• _Goal of the exercise_
All of the records below are to be copied exactly.

[[ Source data, beginning ]]

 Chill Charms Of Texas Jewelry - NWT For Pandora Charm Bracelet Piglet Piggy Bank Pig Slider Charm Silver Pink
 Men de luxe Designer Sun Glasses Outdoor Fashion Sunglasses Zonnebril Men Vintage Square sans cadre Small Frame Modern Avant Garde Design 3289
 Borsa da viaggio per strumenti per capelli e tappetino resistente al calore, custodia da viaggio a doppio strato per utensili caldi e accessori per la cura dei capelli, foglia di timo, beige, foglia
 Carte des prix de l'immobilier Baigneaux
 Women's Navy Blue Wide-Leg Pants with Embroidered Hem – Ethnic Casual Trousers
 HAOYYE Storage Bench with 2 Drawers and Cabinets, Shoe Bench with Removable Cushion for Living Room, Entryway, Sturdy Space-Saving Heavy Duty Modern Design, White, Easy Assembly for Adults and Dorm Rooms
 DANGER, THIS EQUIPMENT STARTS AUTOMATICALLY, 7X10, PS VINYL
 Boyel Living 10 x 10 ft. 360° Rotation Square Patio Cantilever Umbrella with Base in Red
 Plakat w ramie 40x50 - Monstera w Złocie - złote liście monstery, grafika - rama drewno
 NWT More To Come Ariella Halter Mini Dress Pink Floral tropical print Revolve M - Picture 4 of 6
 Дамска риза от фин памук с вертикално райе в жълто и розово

[[ Source data, end ]]

• _Result of this exercise_
 Chill Charms Of Texas Jewelry - NWT For Pandora Charm Bracelet Piglet Piggy Bank Pig Slider Charm Silver Pink
 Men de luxe Designer Sun Glasses Outdoor Fashion Sunglasses Zonnebril Men Vintage Square sans cadre Small Frame Modern Avant Garde Design 3289
 Borsa da viaggio per strumenti per capelli e tappetino resistente al calore, custodia da viaggio a doppio strato per utensili caldi e accessori per la cura dei capelli, foglia di timo, beige, foglia
 Carte des prix de l'immobilier Baigneaux
 Women's Navy Blue Wide-Leg Pants with Embroidered Hem – Ethnic Casual Trousers
 HAOYYE Storage Bench with 2 Drawers and Cabinets, Shoe Bench with Removable Cushion for Living Room, Entryway, Sturdy Space-Saving Heavy Duty Modern Design, White, Easy Assembly for Adults and Dorm Rooms
 DANGER, THIS EQUIPMENT STARTS AUTOMATICALLY, 7X10, PS VINYL
 Boyel Living 10 x 10 ft. 360° Rotation Square Patio Cantilever Umbrella with Base in Red
 Plakat w ramie 40x50 - Monstera w Złocie - złote liście monstery, grafika - rama drewno
 NWT More To Come Ariella Halter Mini Dress Pink Floral tropical print Revolve M - Picture 4 of 6
 Дамска риза от фин памук с вертикално райе в жълто и розово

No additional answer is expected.